Case Presentation: Fixing an Occlusal Cant by Wm. Randol Womack, DDS, Board Certified Orthodontist, Editorial Director, Orthotown Magazine


by Wm. Randol Womack, DDS, Board Certified Orthodontist, Editorial Director, Orthotown Magazine

Patient presented in my office on December 1, 2009 with her mother for an orthodontic consultation. She had been in orthodontic treatment for almost two years and was being scheduled by her orthodontist to have her braces removed. We did preliminary records including a pano and photos after which I examined her and found that her occlusion was Class I with ideal overbite/overjet. When I inquired about why they were seeking another opinion they pointed out that her “smile was crooked.” To be specific, she exhibited an occlusal cant that was quite noticeable when she smiled. They related that they had asked the orthodontist if something could be done about “fixing” the crooked smile and he replied that a surgical correction was an option if they wanted to consider it. I also noted that there appeared to be some minor shortening of the upper anterior roots (Figs. 1 & 2).

The patient and her mom were not positive about a surgical option and they asked me for any other options. I suggested that a single TAD in the upper right maxilla, to intrude the buccal segment with vertical elastics to maintain the occlusion of the lower teeth, has shown to be a successful treatment for the occlusal cant and the avoidance of a surgical procedure.

On December 9, we had a consultation to show them records of a typical case that was treated with a single TAD. They then agreed to pursue this option.

The plan was to intrude the right buccal segment (Figs. 3 & 4) and use vertical elastics to enable the lower occlusion to follow the intrusion (Fig. 5).

An upper 17x25 SS archwire with excessive lingual crown torque was used to counter any buccal expansion during the intrusion.

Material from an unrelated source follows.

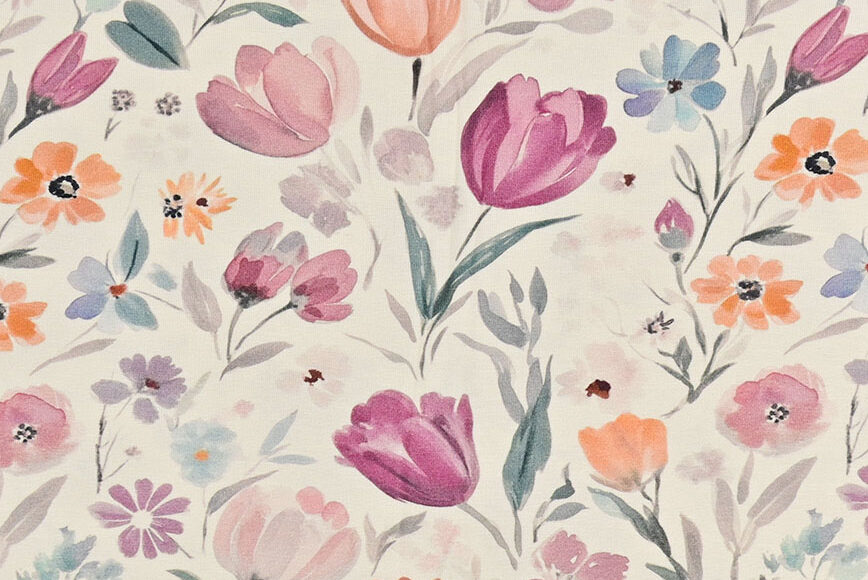 Bamboe tricot stof, tulpenprint, crème/lila/okergeel/groen/grijs. P548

On April 13, 2010, a 6mm Ormco Vector TAD was placed between the upper right first and second bicuspid, which was immediately loaded with a power chain wrapped under the archwire and reattached to the TAD (Figs. 6 & 7).

Progress photos were taken October 9, 2010 showing an improvement in the occlusal cant (Fig. 8).

On January 11, 2011 the treatment was terminated, the TAD and the braces were removed and clear Essix retainers were made for the upper and lower teeth. Final photos and pano were taken (Figs. 9 & 10).

April 8, 2011 a 3D scan was taken to review the treatment and evaluate the dentition, particularly the upper incisor roots. The scan showed minor root resorption but no more than the first pano (Figs. 11 & 12). A frontal volume CBCT shows good parallelism between the occlusal plane and the infra-orbital plane (Fig. 13).

However, it was interesting that an airway evaluation indicated a very low volume measurement and noticeable constriction of the laryngeal airway. We suggested that she be evaluated for a sleep study (Fig. 14).

Six-month post treatment photos were taken July 7, 2011 showing continued stability of the corrected occlusal cant. The patient and mother are very pleased with the results.

The following photos show the progression of the correction into the post-treatment appointment.

This case demonstrated the versatility of TADs to avoid what was commonly achieved by a two-jaw surgical procedure.